Ishat snorted. “No, you weren’t.” She straightened the sa amulet hanging from its gold chain on his naked chest, then laid a hot palm against his skin. “You were remembering with nostalgia the hovel we used to inhabit, because this street reminds you of it.” She waved at the bearers, who rose reluctantly and picked up the litter. “Let’s go home, Huy. May we stop on the way and buy some hot date pastries? I’m hungry.”

He tugged at her hair, his good humour restored, as they scrambled onto the cushions of the litter. “Of course.” He called the order to the bearers, then pulled the curtains closed. “Now, tell me what adornments His Majesty’s gold is paying for,” he teased her. “How many circlets will be cluttering up your cosmetics table?”

She grinned across at him. “Only three. One to keep for when the aristocrats come to consult you, one for everyday wear, and one to fill our less illustrious guests with awe when we give the parties I’m sure you will allow me to plan.”

Huy turned to her anxiously. “But Ishat, we have work to do. I don’t intend—”
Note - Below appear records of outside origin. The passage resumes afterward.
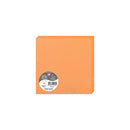 Folded Card Pollen 210G 160X160mm Orange 25 Pieces Pack-2156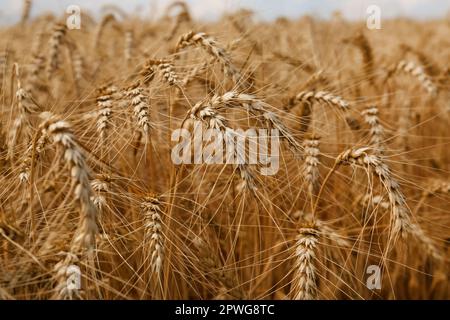 Reife Weizenstacheln auf dem Ackerfeld, Nahaufnahme Stockfoto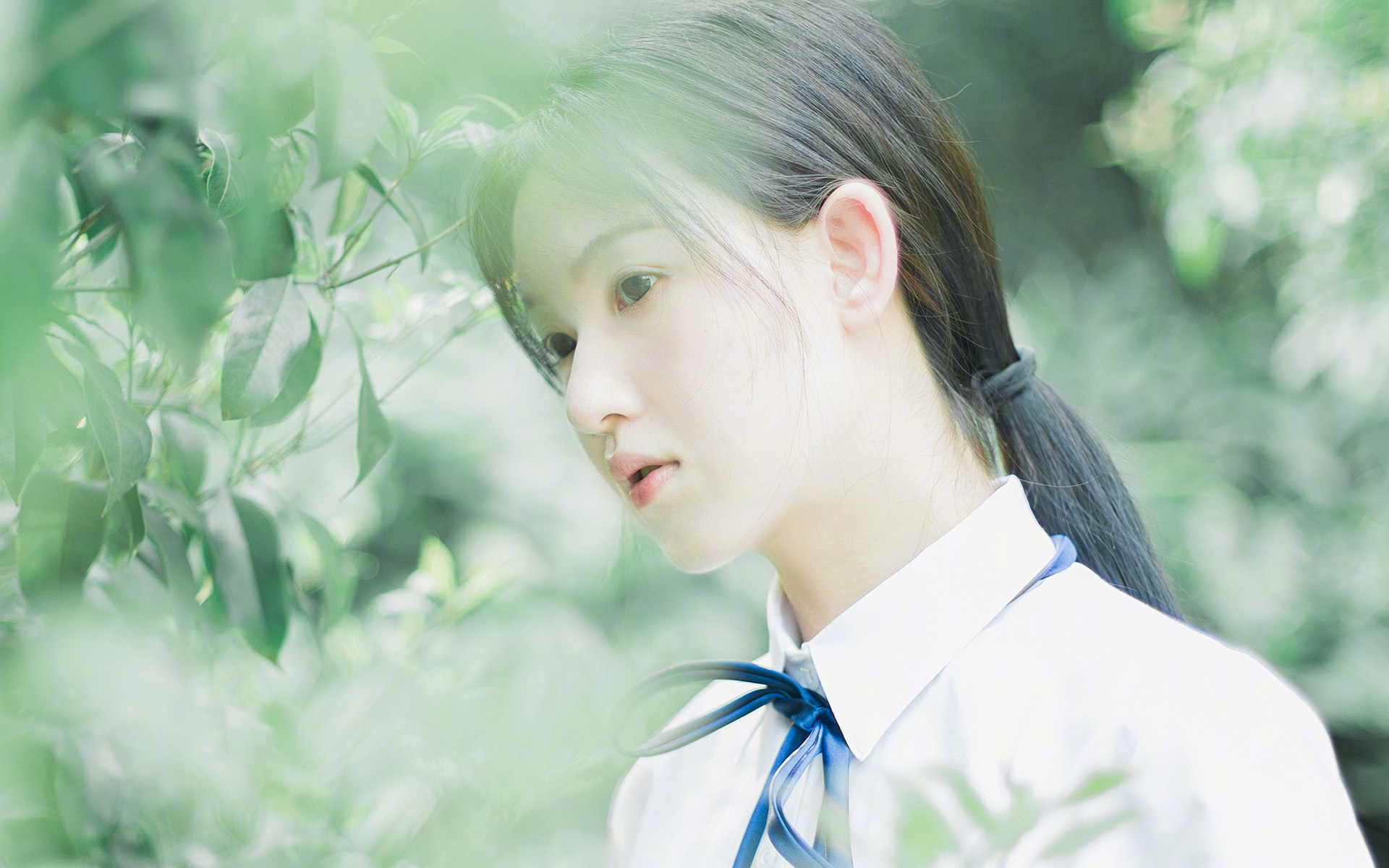 kaiyun.com-阿根廷美洲雄鹰队：南半球崛起的新兴力量，阿根廷雄鹰图片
She put a finger to his mouth. She often touched him with what appeared to be unselfconsciousness. Huy could always sense the need behind her gestures and had learned to harden himself against the compassion welling up in him. They had grown up together, both of them peasant children, the long days of childhood forming a bond between them that even Huy’s years away at the temple school in Iunu had not severed. Huy loved her deeply as his lifelong friend, but Ishat desired him with all the fervour of her passionate nature. It was not in her character to dissemble the matter, to hide her feelings behind a wall of feminine guile or attempt to win him by subtle manipulation. She had openly and frankly declared herself. The knowledge of her pain was often hard for Huy to bear.

“I’m not serious,” she said. “Or at least, not really. I look forward to entertaining our families. I want to show off our good fortune, Huy. You have been vindicated in the face of your uncle Ker and your father, and Thothmes will be delighted to see you living without worry about the future. Invite his father as well—Nakht must have his nose rubbed in the glory of your success after refusing to help you gain a position as a scribe. A scribe! You are far above such a humble station now.”

“Scribes need not be humble,” Huy responded swiftly. “Their skills are vital to the efficient administration of every aspect of Egypt’s life.” Privately, he was thinking that his future depended on a continuation of the King’s generosity, and that the King’s open hand would swiftly close if his gift deserted him. He sometimes wished it would. Then perhaps he would be free to get happily drunk on hot summer nights like everyone else, and free to throw off the burden of enforced virginity the god Atum had laid upon him and experience the final intimacy he had only been able to imagine. If he was able to make love to Ishat, would that love become something rounded, more complete, turning his desire from Thothmes’ sister Anuket to the young woman sitting so cheerfully beside him now, the folds of her scarlet sheath resting lightly on his thigh, her perfume filling the stuffy, enclosed space of the litter? He knew that such thoughts only led to anger and sadness, and he was glad when the litter was lowered and the aroma of hot pastries edged out the scent of Ishat’s fragrance.